Add K-\max S_i to every element of S. It is clear that \max S_i = K after this. Showing the resultant sequence also satisfies the constraints of the problem is trivial and left to the reader.

Thus, we have an optimal sequence whose largest element equals K.

Let’s now find the length of the largest possible sequence whose greatest element is equal to K. Set A_i=K for some currently unknown i.

Claim: A_1\le A_2\le\dots\le A_i and A_i\ge\dots\ge A_{N-1}\ge A_N.


We only prove the first claim, by induction (the proof of the second claim can be derived similarly).

Say A_k\le A_{k+1}\le\dots\le A_i holds for some k.
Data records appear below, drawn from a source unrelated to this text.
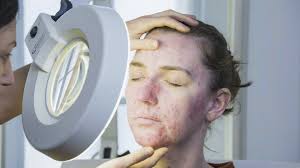 Watch The Bad Skin Clinic • Season 2 Full Episodes Online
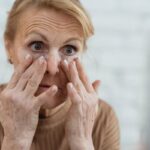 Quais são os riscos do lifting facial, cirurgia para eliminar rugas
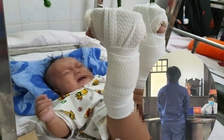 Người cha đánh con trai 4 tháng đến gãy chân: Đổ lỗi vì say và... giận vợ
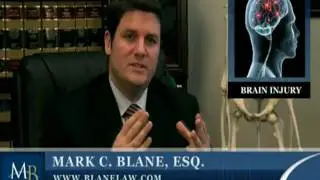 California Brain Injury Attorney:  Negligence Cases with Spinal Cord Injuries & Brain Trauma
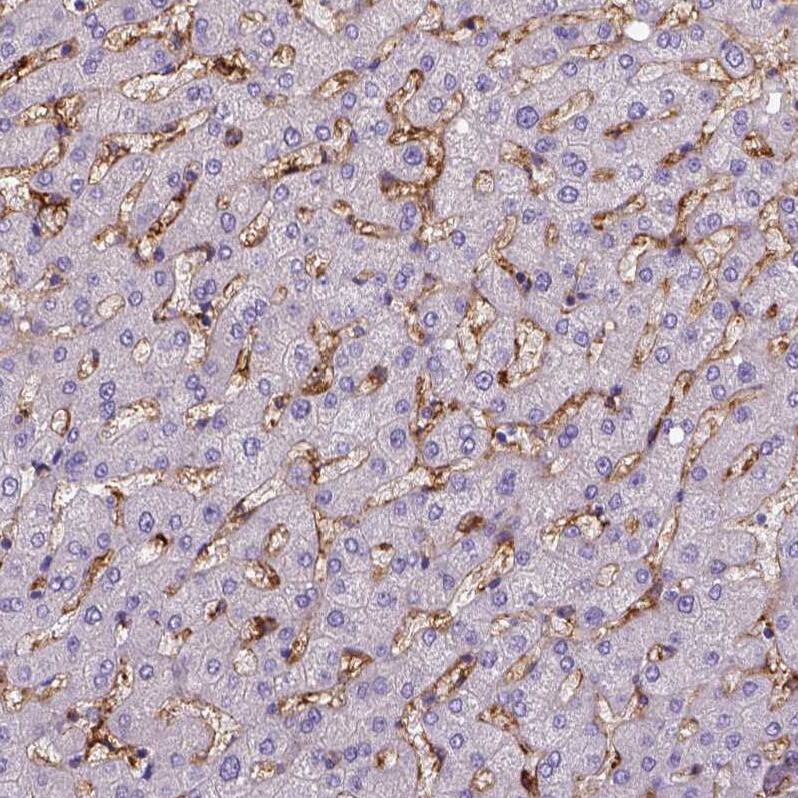 CD14 Antibody (CL1638) - Azide and BSA Free Immunohistochemistry-Paraffin: CD14 Antibody [NBP3-44006]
Then,

2\cdot A_k > A_{k-1}+A_{k+1}\ge A_{k-1}+A_k\\ \implies A_k \ge A_{k-1}

proving our proposition.
For the base case - all elements are \le K and A_i = K, which implies that A_{i-1}\le A_i, completing the proof.

We now solve greedily.
Either (but not both) of A_{i-1} or A_{i+1} can be equal to K. Without loss of generality, set A_{i+1}=K. Next, greedily assign values for elements A_{i+2},A_{i+3},\dots, to maximise the number of elements.
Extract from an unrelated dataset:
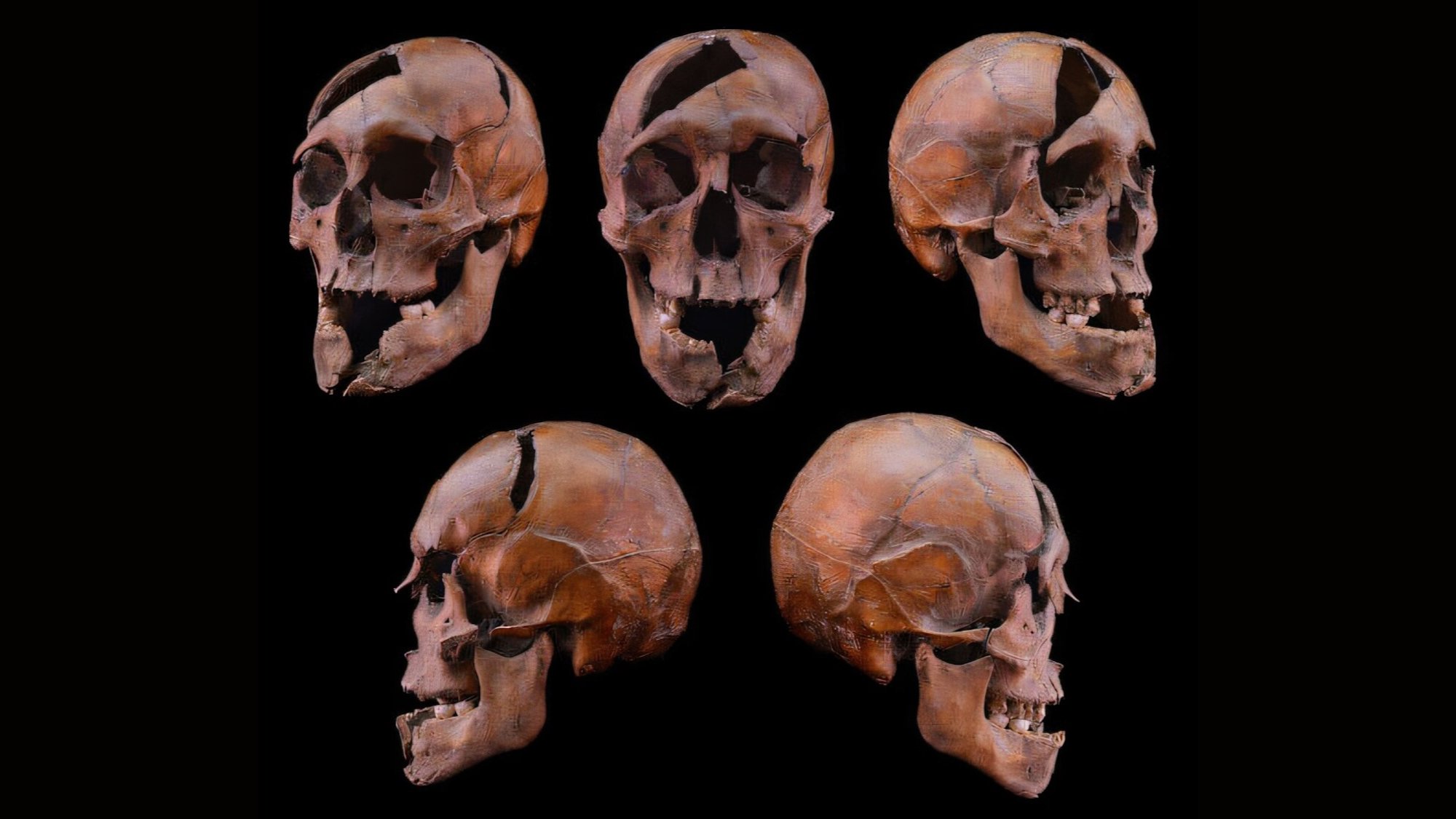 Various angles of fragmented human skull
Let K=12. An optimal greedy assignment would be

[A_i,A_{i+1},A_{i+2},\dots] = [12,12,11,9,6,2]

A bit of experimentation shows us that:

[A_{i+1},A_{i+2},A_{i+3},A_{i+4},\dots] = [K,K-1,K-3,K-6,\dots]

is the best possible assignment, to maximise the number of elements.
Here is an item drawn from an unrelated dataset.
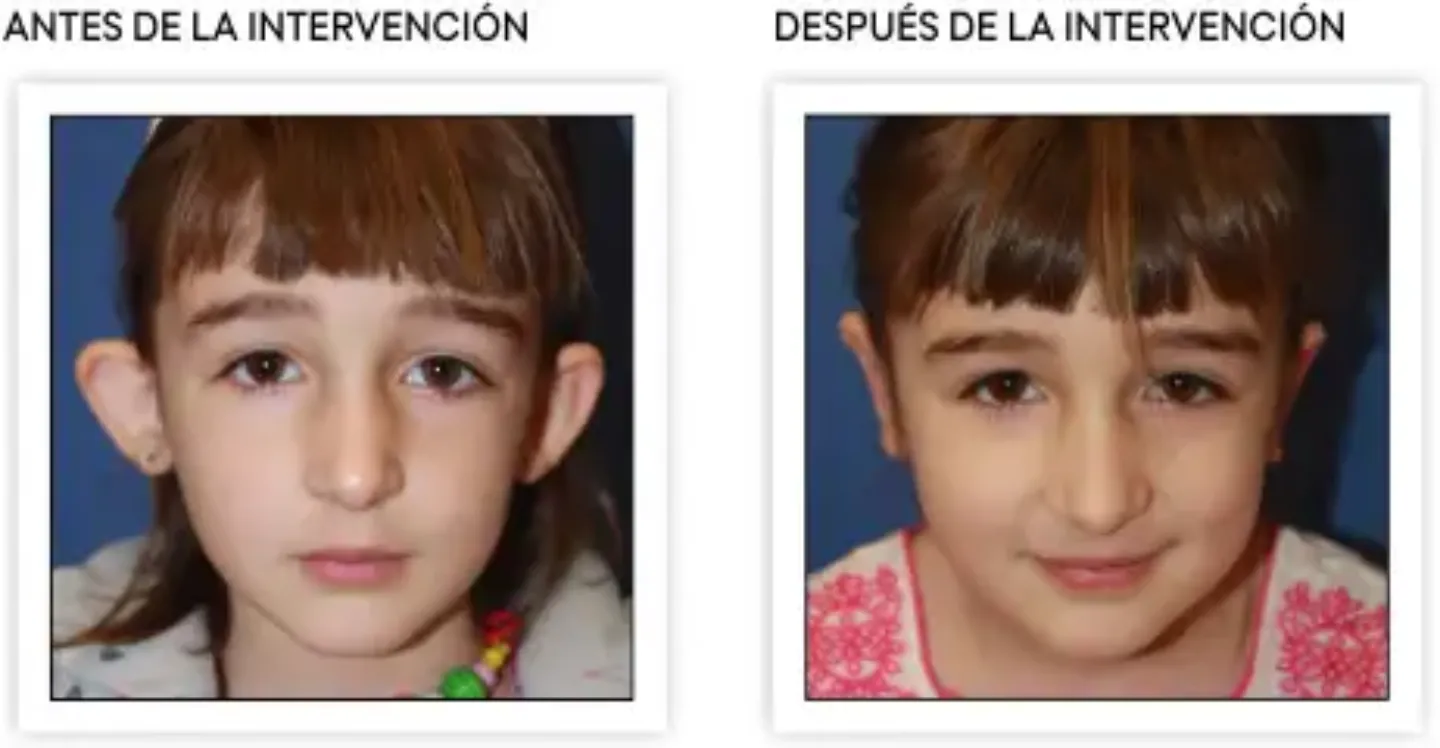 <p>Resultados tras la intervención de otoplastia, orejas en soplillo&nbsp;</p>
Similarly extrapolating the construction for the elements to the left of A_i gives us the complete optimal sequence -


So, how many elements are there in it?
Let x equal the number of elements in the subarray [\dots,K-6,K-3,K-1,K]. We know that the value of every element should be greater than 0. A bit of mathematical manipulation shows that -

K-\frac{x(x-1)}{2} > 0\implies 2\cdot K > x(x-1)

Finding the largest possible y such that y(y-1) < 2\cdot K can be done efficiently using binary search (or the std::sqrt() function provided in the math header in C++).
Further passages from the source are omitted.